Banks are hit by huge rise in online attacks

Phishing and other fraud leads to £14.5m losses in six months

The amount of money stolen through phishing and other online attacks on bank accounts increased 263 per cent in the first six months of this year compared with 2004.

Banking industry body Apacs revealed this week that the industry lost £14.5m between January and June from these kinds of scams, compared with just £4m in the same period last year.

Apacs says criminals are moving online to exploit fraud opportunities as the UK’s chip-and-Pin rollout starts to cut back other forms of card crime.

While overall card fraud fell 13 per cent – from £252.6m in the first half of last year to £219.4m – internet-based card-not-present fraud grew five per cent to £58m, and now accounts for more than a quarter of all card losses.

‘Online fraud has risen hand in hand with the way we use the internet. It has also been helped by the tightening of face-to-face security,’ said a spokeswoman
for Apacs.

The figures highlight why the banking industry has been stepping up its efforts to crack down on online crime.

Lloyds TSB last month announced a trial of a keyring-sized security device with 30,000 of its customers to physically authenticate online transactions (Computing, 20 October).

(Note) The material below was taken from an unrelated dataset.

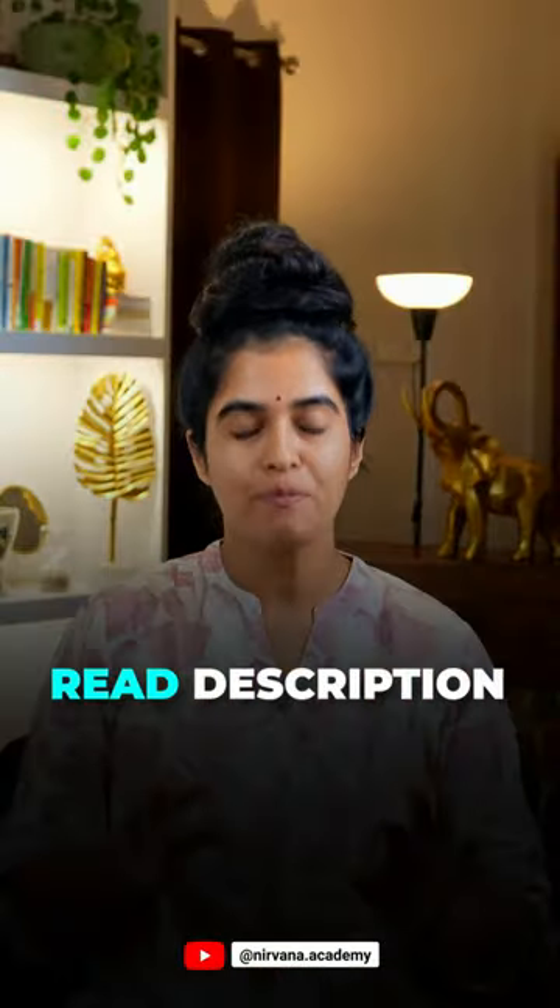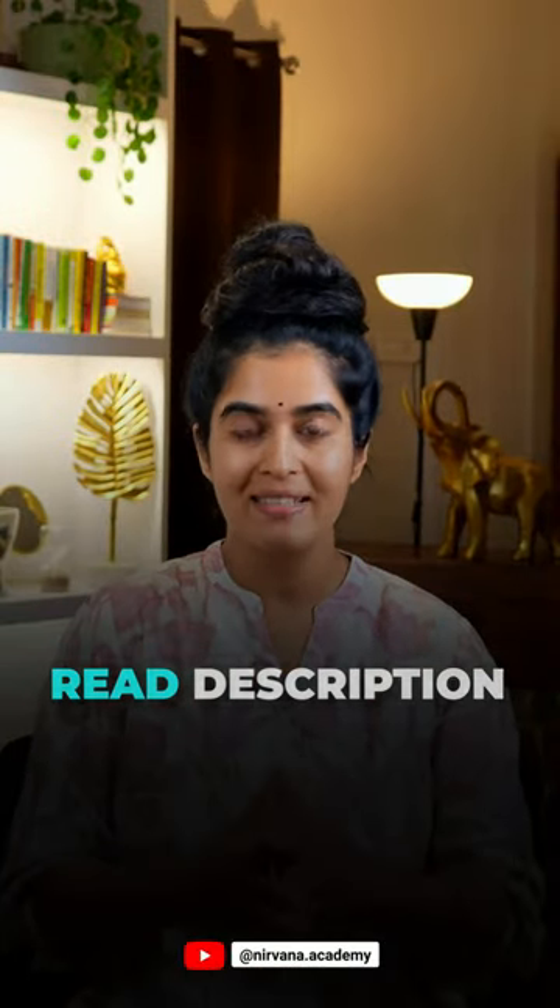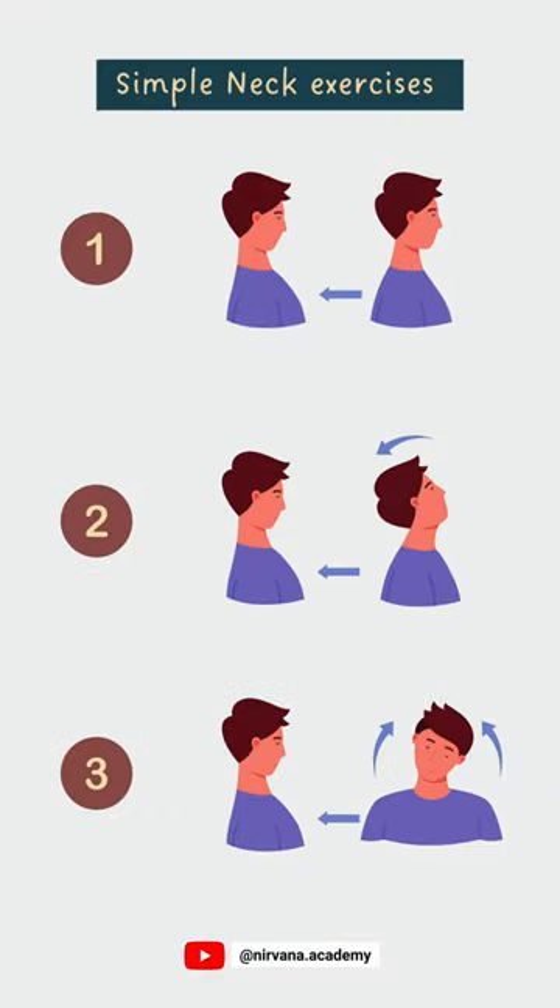Come back to center and relax. Read the description for some important practice details, save this reel, and take a screenshot for your practice. If you found this useful, help your friends too by sharing it with them. Namaste.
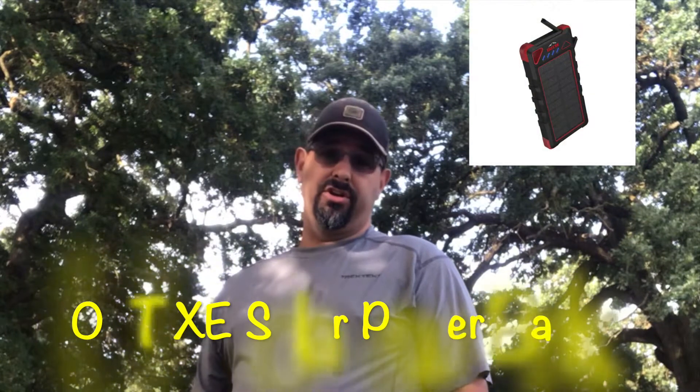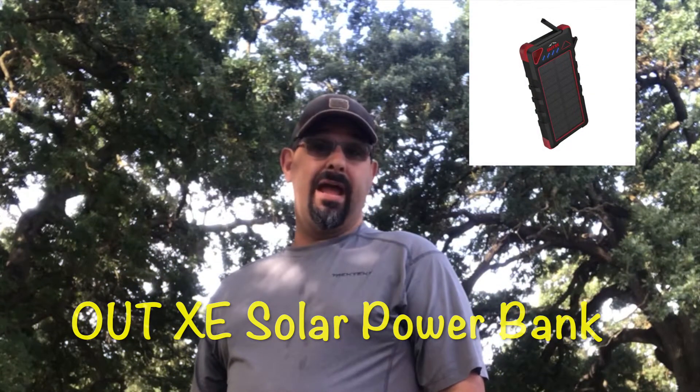Hey there! Today I'm going to review the OutXE Solar Charger for backpacking and multiple other things, as you'll see from my review. Hopefully you enjoy that.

Ken Farrow, head of group fraud and intelligence at LloydsTSB, says the industry must improve online security before trust is eroded.

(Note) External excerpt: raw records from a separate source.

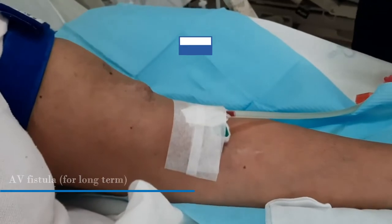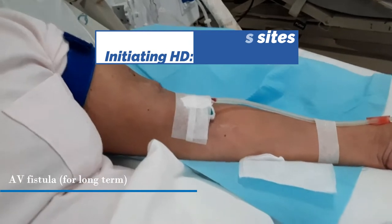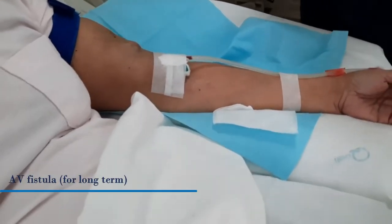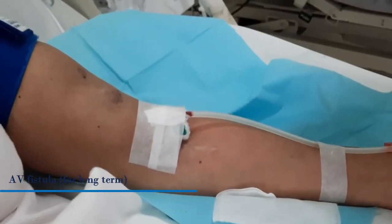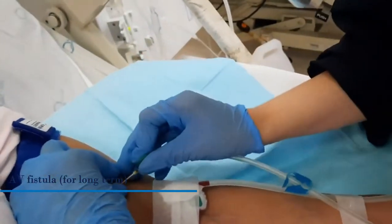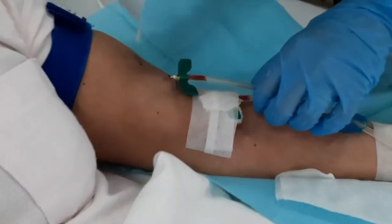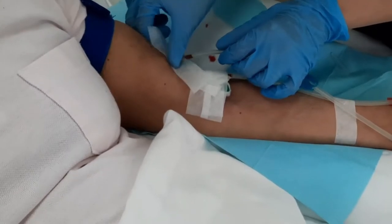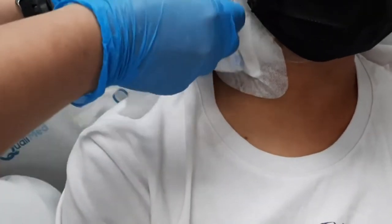This video shows an HD nurse starting the dialysis by cannulating the AV fistula of the dialysis patient. Can you see that? It's very cool. So for AV fistula, it's actually the best choice for access. If you are eligible, it's the most natural access site since it's formed from your own blood vessels.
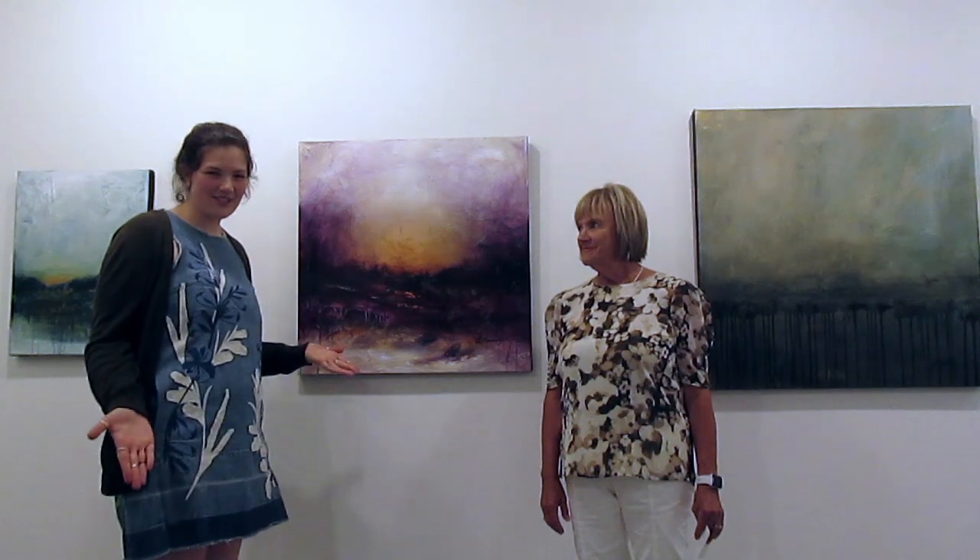Hi everyone, this is Barbara Kaminsky. She's one of the artists in our show right now. Her exhibition is called Art in Motion. Barbara, would you like to tell us about yourself?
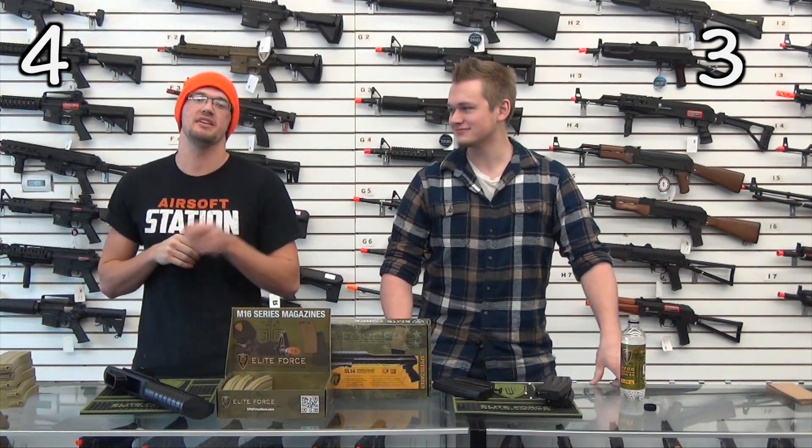If you're in the market for probably the highest end speed loader, keep Airsoft Station in mind. And until the next video, have a good one guys.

‘The public is fed up and frustrated, because the internet is such a convenience and enriches their lives. We do not want that to be completely subverted by crime,’ he said.

HSBC says it will issue a similar security device to UK customers if phishing emails and key-logging software continue to grow, following pilot projects in Hong Kong and Brazil (Computing, 3 November).

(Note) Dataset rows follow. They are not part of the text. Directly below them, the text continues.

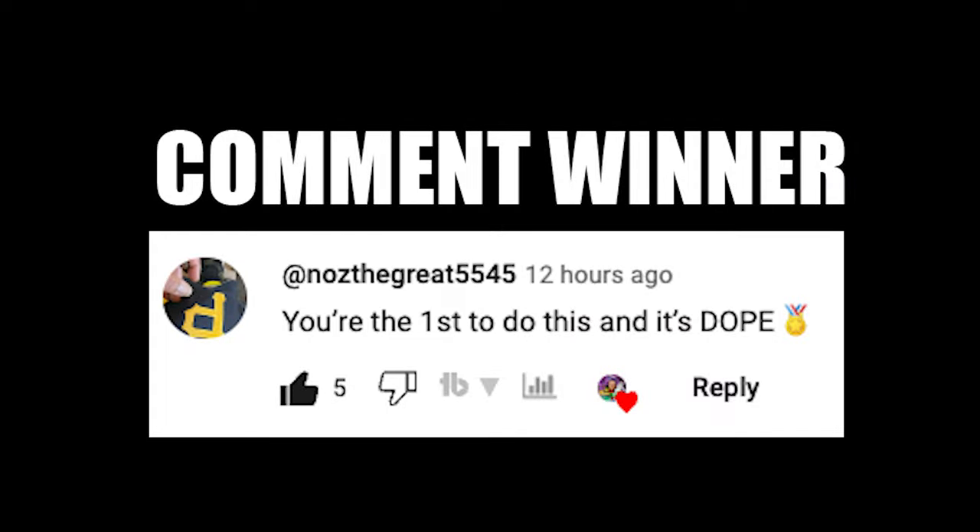Before you go, I just launched my Sneakerhead Academy where we got everything on the inside. I teach you all the stuff I learned over the past 15 years when it comes to sneakers, scaling, real estate — you name it, we talk about all of it in there. There's an eight week program plus a bunch of monthly giveaways. Hit the link down below in my description or pinned in the comment section for DJ Sneakerhead Academy, and I'll see you guys over there.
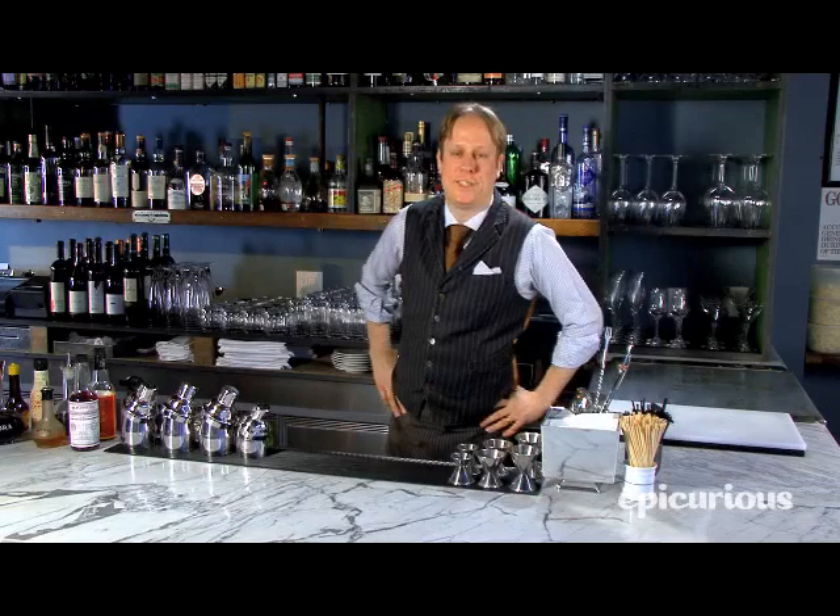Hi, this is Evan Freeman at Taylor Restaurant in New York City. Champagne cocktails are very popular, but how about beer cocktails?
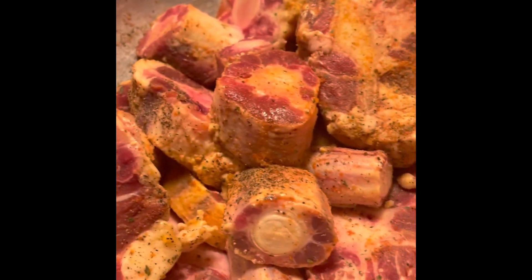You guys wish me luck with these oxtails today. I'm ready to put them in the crock pot, they are ready to go. I'll do a video to let you guys see how they turned out. Have a blessed day, thank you for coming to Chrissy's Kitchen.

And Barclaycard is conducting a pilot with 5,000 customers of a device that requires entry of a Pin code by web users to generate a unique code to secure online transactions.

The company is evaluating whether the technology is worth deploying. A spokesman confirmed that it has no fixed rollout goals as yet.

The banking industry is still awaiting the creation of a standard, being driven by Apacs and in final tests, which will allow for interoperability between cards and devices from different banks.